Oui, c'est un nouveau chapitre sur Nico, je voulais en refaire un.
En même temps, j'ai lancé ma fiction ''Futur dans l'ombre".
ET AVIS AUX FANS DE SOLANGELO : Soyez patients...ça arrive
Nico, Roi Fantôme, fantôme humain.
Toi, pauvre enfant, tu as traversé tellement d'épreuves, tellement de tourments,
Que tu n'est devenu qu'une ombre, un spectre effrayant pour les autres de ton clan.
Tu n'es rien.
Pauvre enfant, qui a vécu plus de temps qu'il aurait dû.
Perdu, sans repères, sans familles, sans amis.
À défaut d'aimer, tu t'es mis à haïr, tu cries, tu pleures, tu saignes.
Mais tu n'ose voir personne, car au fond, tu as peur de toi-même.

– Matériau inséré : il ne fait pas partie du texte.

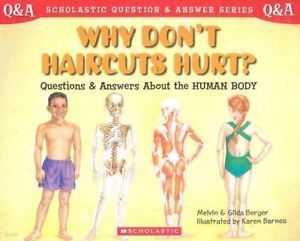 Why Don't Haircuts Hurt?: Questions and Answers about the Human Body (Scholastic Question &amp; Answer)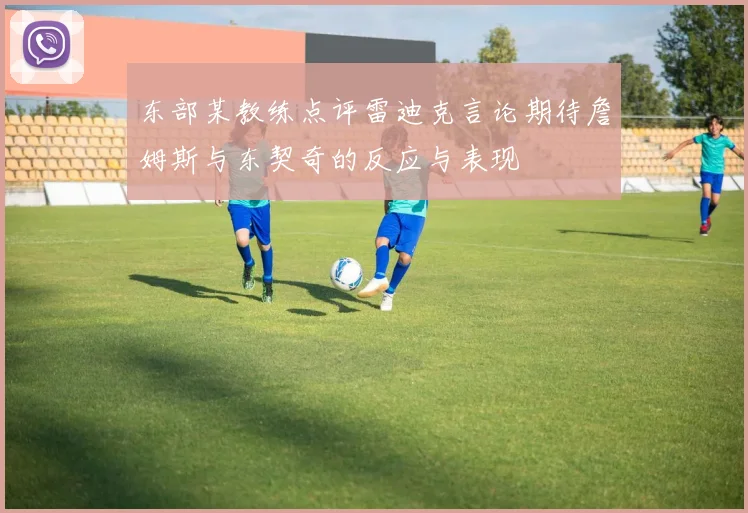 东部某教练点评雷迪克言论期待詹姆斯与东契奇的反应与表现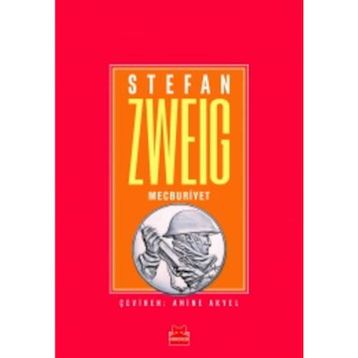 Stefan Zweig Mecburiyet İş Bankası Kültür Yayınları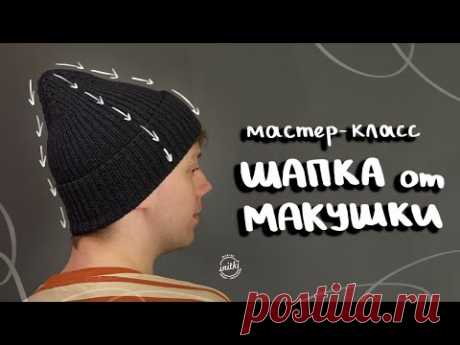 ШАПКА ОТ МАКУШКИ - мастер-класс по вязанию шапки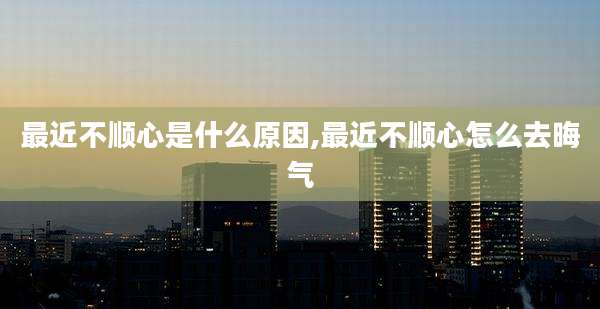 最近不顺心是什么原因,最近不顺心怎么去晦气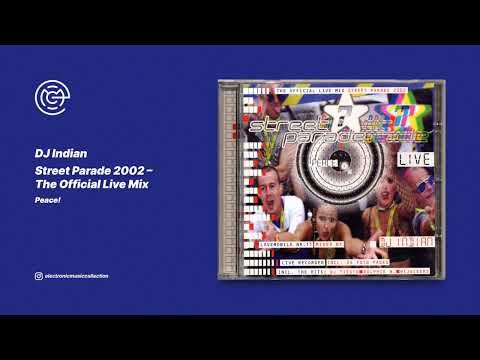 DJ Indian - Street Parade 2002 - The Official Live Mix (2002)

Tu as peur de ce que tu es, de ta vie et de tes sentiments, tu as peur qu'on t'oublie ou qu'on te trahisse
Tu as peur de tes "amis" : Tu as peur d'Annabeth, tu as peur de Piper et de Léo, tu es effrayé par Percy, Jason est ton pire cauchemar.
Qui donc est là pour t'aider ?
Cette romaine ? Qui a commis le pire crime de son peuple ?
Cette "reine" parmi tes ennemis, cette idiote ?
Au fond, vous vous ressemblez tous les deux.
Condamnés à ne pas savoir aimer, seuls pour l'éternité, toi rejeté des dieux, elle rejeté par sa vie.
Rejeté par tes sentiments, horribles et interdits.
J'ai vécu plus longtemps que vous ne l'avez cru.
Vous pensiez m'effacer, me pousser à m'envoler.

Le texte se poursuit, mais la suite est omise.